▶ [YOUR INSTRUCTIONS] Write every record below out exactly; no images.

*** Opening RECORD EXTRACTS ***

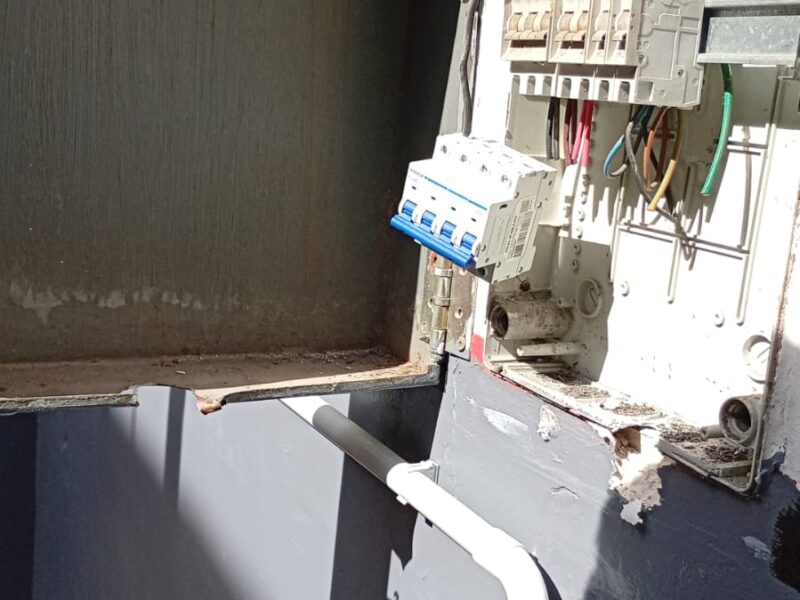 Matriculado en la electricidad y refrigeración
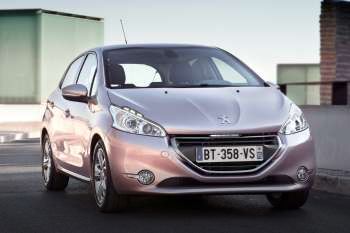 Peugeot 208 2012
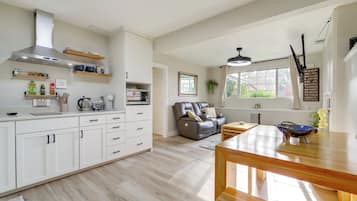 Apartment (1 Bedroom) | Interior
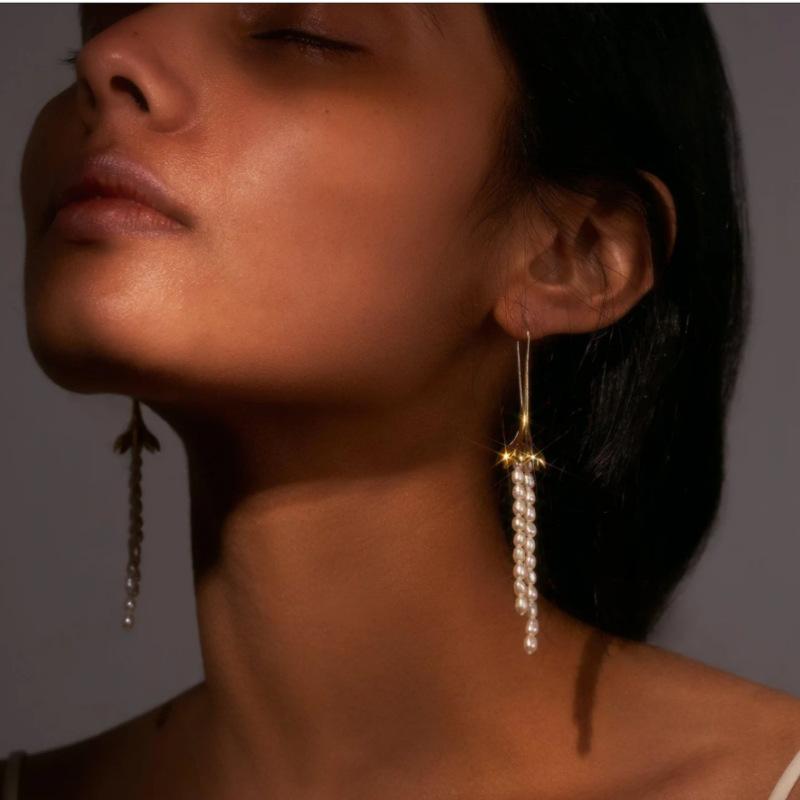 ピアス レディース イヤリング フック 黄銅 18k金メッキ 真珠 パール タッセル 流れる 揺れる アメリカンピアス ファッション かわいい おしゃれ アクセサリー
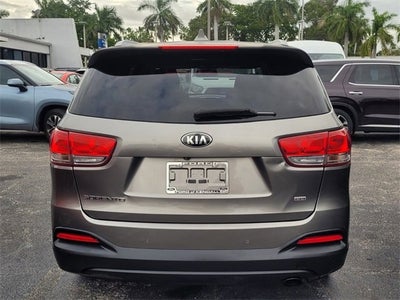 2016 Kia Sorento LX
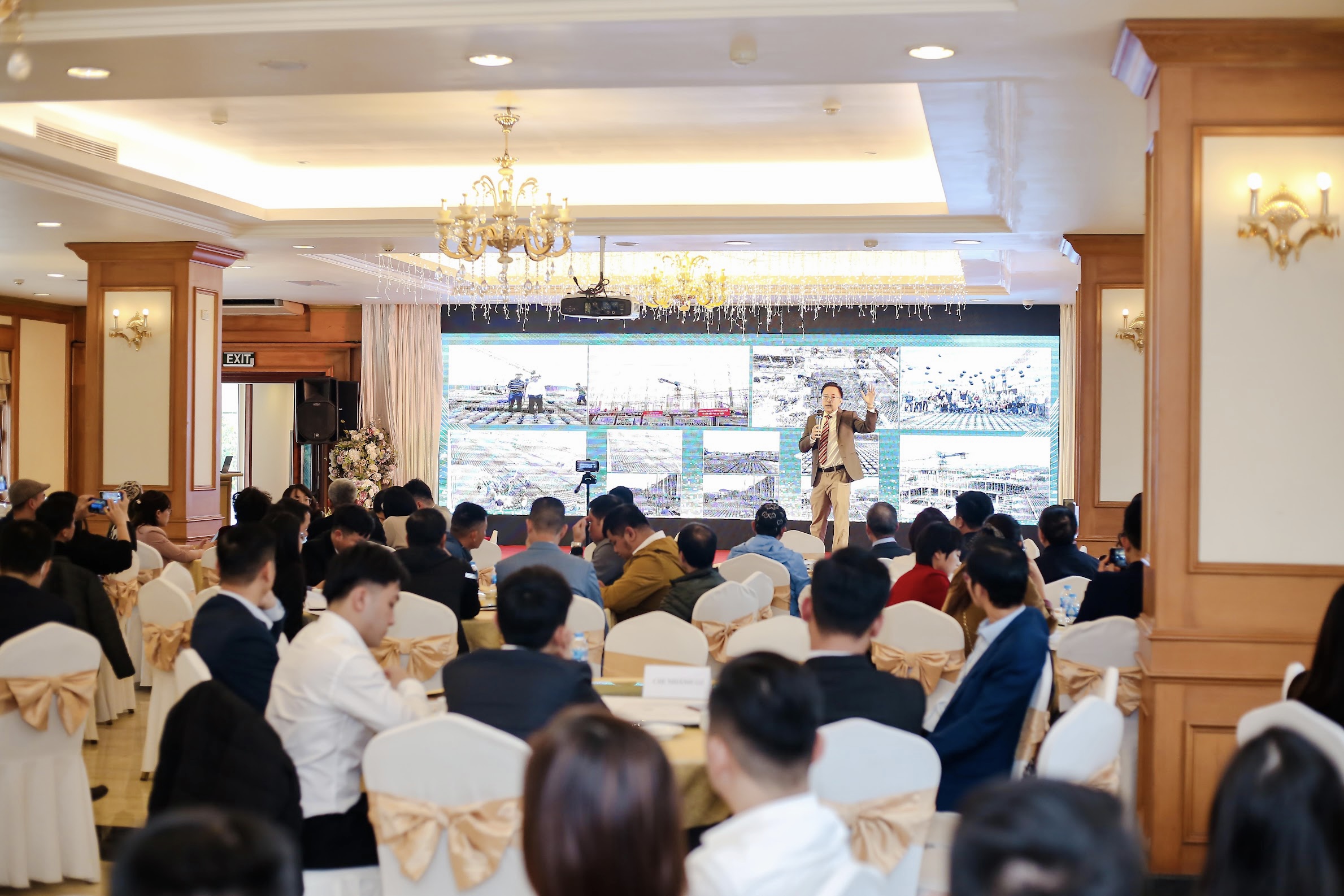 Làm việc với đối tác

*** Closing RECORD EXTRACTS ***

▶ [TASK SOLUTION]
 Matriculado en la electricidad y refrigeración
 Peugeot 208 2012
 Apartment (1 Bedroom) | Interior
 ピアス レディース イヤリング フック 黄銅 18k金メッキ 真珠 パール タッセル 流れる 揺れる アメリカンピアス ファッション かわいい おしゃれ アクセサリー
 2016 Kia Sorento LX
 Làm việc với đối tác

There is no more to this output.